== INFORMATION SUPPLIED ==

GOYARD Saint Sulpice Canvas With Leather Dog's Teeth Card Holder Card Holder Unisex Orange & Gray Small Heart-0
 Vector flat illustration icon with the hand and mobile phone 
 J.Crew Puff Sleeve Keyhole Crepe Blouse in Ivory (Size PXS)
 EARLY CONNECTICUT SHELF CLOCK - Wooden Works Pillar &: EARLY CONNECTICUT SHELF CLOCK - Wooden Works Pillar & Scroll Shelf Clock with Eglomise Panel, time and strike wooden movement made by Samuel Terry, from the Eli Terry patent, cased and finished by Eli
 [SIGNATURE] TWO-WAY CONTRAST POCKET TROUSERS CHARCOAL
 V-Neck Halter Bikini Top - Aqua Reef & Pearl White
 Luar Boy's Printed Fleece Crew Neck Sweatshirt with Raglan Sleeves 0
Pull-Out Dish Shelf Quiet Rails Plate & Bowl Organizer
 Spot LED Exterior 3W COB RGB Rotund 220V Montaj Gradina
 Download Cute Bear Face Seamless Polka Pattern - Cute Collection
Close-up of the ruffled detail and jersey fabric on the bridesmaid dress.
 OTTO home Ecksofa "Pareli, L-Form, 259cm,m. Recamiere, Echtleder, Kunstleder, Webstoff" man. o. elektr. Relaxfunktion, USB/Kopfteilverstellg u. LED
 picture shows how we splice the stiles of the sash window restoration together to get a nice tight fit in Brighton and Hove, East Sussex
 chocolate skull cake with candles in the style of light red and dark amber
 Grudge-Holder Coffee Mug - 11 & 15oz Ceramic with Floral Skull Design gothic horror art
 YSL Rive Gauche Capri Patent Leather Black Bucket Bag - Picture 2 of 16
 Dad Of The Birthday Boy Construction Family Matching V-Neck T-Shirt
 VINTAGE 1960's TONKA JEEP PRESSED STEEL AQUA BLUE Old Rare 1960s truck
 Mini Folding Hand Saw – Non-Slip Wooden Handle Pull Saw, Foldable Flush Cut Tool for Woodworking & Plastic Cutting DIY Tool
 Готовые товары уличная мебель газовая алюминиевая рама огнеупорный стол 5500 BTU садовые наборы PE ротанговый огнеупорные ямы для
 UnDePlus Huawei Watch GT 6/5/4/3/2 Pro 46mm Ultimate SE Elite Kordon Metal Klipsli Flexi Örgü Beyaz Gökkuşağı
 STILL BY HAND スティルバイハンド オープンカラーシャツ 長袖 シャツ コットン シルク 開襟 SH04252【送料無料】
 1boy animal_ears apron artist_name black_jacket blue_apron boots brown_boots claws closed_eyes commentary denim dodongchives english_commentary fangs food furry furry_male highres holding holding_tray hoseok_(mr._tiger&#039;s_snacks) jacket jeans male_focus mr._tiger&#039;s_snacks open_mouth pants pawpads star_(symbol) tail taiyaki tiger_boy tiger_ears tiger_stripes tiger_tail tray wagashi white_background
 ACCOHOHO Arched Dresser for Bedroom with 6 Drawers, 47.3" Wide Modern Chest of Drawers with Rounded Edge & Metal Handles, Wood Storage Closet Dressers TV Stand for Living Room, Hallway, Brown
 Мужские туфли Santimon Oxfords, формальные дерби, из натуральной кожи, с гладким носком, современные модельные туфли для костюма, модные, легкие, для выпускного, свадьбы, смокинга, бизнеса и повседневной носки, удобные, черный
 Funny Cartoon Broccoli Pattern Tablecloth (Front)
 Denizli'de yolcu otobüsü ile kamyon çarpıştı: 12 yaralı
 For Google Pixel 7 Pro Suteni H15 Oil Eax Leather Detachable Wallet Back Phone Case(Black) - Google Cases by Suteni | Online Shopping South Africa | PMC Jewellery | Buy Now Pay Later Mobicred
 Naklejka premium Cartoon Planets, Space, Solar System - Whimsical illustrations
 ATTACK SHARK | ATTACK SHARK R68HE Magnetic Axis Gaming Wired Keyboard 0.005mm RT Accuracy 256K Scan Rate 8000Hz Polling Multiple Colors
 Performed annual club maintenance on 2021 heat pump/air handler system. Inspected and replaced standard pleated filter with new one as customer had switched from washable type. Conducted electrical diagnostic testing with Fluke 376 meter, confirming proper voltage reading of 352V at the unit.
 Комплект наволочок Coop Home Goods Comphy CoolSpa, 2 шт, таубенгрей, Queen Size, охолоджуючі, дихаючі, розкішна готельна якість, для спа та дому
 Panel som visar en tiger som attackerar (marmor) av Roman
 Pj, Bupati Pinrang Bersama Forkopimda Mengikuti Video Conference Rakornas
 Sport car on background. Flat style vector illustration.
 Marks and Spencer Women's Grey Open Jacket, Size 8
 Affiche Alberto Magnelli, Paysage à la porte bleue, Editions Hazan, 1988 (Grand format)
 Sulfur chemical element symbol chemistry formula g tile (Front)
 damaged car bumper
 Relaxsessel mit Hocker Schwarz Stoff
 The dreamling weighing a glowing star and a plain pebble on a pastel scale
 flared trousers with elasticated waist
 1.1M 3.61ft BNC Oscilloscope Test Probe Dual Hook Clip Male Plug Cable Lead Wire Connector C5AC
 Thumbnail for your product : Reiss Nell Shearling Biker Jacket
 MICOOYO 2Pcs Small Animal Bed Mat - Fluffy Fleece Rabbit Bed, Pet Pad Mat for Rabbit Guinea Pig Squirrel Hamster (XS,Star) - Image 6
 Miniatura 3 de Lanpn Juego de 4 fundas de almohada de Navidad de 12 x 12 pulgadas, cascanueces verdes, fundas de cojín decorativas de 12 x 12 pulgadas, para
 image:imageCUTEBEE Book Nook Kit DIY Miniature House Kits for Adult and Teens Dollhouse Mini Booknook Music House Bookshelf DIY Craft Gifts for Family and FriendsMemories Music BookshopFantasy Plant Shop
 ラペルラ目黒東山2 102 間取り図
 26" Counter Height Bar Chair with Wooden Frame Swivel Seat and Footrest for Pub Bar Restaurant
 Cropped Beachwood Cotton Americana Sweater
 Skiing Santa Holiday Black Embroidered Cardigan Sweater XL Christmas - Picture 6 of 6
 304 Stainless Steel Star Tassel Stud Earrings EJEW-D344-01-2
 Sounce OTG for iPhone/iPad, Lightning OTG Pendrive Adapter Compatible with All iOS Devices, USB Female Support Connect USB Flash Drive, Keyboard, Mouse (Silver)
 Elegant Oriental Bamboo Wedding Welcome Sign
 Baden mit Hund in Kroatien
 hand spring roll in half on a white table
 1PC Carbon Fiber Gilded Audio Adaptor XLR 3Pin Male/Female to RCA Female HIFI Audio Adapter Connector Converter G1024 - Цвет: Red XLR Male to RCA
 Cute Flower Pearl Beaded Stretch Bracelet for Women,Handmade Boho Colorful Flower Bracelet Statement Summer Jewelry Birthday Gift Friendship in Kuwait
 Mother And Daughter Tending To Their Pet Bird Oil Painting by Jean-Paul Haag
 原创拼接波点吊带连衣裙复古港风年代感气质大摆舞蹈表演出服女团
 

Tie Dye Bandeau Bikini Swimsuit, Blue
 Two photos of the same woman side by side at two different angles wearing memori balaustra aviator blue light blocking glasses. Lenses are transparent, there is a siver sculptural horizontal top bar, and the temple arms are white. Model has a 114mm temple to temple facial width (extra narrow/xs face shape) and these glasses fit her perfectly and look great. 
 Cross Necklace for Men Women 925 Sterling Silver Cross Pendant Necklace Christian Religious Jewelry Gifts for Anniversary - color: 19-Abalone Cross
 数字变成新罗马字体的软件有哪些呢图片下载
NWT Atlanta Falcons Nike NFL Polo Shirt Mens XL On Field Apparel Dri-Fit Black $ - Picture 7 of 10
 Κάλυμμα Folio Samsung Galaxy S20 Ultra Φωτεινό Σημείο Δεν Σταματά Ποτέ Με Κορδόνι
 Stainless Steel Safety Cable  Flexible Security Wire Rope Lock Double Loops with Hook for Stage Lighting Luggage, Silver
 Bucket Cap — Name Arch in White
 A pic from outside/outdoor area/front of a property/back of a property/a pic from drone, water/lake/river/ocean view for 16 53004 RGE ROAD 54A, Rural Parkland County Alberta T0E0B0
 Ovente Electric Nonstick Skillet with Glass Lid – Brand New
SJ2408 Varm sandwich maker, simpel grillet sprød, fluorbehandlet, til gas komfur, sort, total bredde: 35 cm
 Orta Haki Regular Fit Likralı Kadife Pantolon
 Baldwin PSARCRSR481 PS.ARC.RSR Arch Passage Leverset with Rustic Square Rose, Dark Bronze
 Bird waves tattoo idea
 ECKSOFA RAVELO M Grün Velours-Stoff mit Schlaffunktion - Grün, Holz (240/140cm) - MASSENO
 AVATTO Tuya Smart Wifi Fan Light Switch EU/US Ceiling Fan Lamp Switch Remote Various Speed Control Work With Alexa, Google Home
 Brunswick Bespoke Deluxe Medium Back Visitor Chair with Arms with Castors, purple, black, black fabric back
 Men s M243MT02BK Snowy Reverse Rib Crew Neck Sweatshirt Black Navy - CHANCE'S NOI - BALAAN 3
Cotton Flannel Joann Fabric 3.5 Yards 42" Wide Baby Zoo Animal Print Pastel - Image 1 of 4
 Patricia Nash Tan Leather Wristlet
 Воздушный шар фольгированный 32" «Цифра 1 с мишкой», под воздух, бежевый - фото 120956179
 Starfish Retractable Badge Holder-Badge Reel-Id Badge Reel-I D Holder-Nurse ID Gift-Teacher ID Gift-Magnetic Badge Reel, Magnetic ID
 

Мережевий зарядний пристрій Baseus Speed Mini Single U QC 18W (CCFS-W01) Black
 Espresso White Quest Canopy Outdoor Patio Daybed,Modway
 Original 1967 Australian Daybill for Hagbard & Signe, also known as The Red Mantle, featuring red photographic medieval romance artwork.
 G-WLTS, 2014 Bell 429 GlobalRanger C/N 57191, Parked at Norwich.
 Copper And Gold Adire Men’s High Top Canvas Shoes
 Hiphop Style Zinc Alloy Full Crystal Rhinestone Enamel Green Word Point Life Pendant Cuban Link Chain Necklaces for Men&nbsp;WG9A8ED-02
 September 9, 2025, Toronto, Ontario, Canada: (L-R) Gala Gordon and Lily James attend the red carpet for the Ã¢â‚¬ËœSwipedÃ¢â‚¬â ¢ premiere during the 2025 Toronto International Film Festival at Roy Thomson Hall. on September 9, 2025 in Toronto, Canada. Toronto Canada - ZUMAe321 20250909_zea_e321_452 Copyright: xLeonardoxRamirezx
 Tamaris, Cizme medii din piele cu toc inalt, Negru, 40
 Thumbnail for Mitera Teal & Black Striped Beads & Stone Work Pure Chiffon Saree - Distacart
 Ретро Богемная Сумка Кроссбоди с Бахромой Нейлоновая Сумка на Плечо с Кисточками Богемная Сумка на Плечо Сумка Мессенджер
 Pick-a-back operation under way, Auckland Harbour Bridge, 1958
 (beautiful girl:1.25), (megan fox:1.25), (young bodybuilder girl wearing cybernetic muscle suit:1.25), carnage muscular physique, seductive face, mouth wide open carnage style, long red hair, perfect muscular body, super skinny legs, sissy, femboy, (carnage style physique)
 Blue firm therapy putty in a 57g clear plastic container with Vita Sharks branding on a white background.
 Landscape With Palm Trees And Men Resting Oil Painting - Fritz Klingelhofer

===

WHAT IS BEING ASKED =
Reproduce exactly, and only, the part of the listing above that begins at the line with "Κάλυμμα Folio Samsung" and goes on through the line with "Espresso White Quest".

ANSWER SPACE =
 Κάλυμμα Folio Samsung Galaxy S20 Ultra Φωτεινό Σημείο Δεν Σταματά Ποτέ Με Κορδόνι
 Stainless Steel Safety Cable  Flexible Security Wire Rope Lock Double Loops with Hook for Stage Lighting Luggage, Silver
 Bucket Cap — Name Arch in White
 A pic from outside/outdoor area/front of a property/back of a property/a pic from drone, water/lake/river/ocean view for 16 53004 RGE ROAD 54A, Rural Parkland County Alberta T0E0B0
 Ovente Electric Nonstick Skillet with Glass Lid – Brand New
SJ2408 Varm sandwich maker, simpel grillet sprød, fluorbehandlet, til gas komfur, sort, total bredde: 35 cm
 Orta Haki Regular Fit Likralı Kadife Pantolon
 Baldwin PSARCRSR481 PS.ARC.RSR Arch Passage Leverset with Rustic Square Rose, Dark Bronze
 Bird waves tattoo idea
 ECKSOFA RAVELO M Grün Velours-Stoff mit Schlaffunktion - Grün, Holz (240/140cm) - MASSENO
 AVATTO Tuya Smart Wifi Fan Light Switch EU/US Ceiling Fan Lamp Switch Remote Various Speed Control Work With Alexa, Google Home
 Brunswick Bespoke Deluxe Medium Back Visitor Chair with Arms with Castors, purple, black, black fabric back
 Men s M243MT02BK Snowy Reverse Rib Crew Neck Sweatshirt Black Navy - CHANCE'S NOI - BALAAN 3
Cotton Flannel Joann Fabric 3.5 Yards 42" Wide Baby Zoo Animal Print Pastel - Image 1 of 4
 Patricia Nash Tan Leather Wristlet
 Воздушный шар фольгированный 32" «Цифра 1 с мишкой», под воздух, бежевый - фото 120956179
 Starfish Retractable Badge Holder-Badge Reel-Id Badge Reel-I D Holder-Nurse ID Gift-Teacher ID Gift-Magnetic Badge Reel, Magnetic ID
 

Мережевий зарядний пристрій Baseus Speed Mini Single U QC 18W (CCFS-W01) Black
 Espresso White Quest Canopy Outdoor Patio Daybed,Modway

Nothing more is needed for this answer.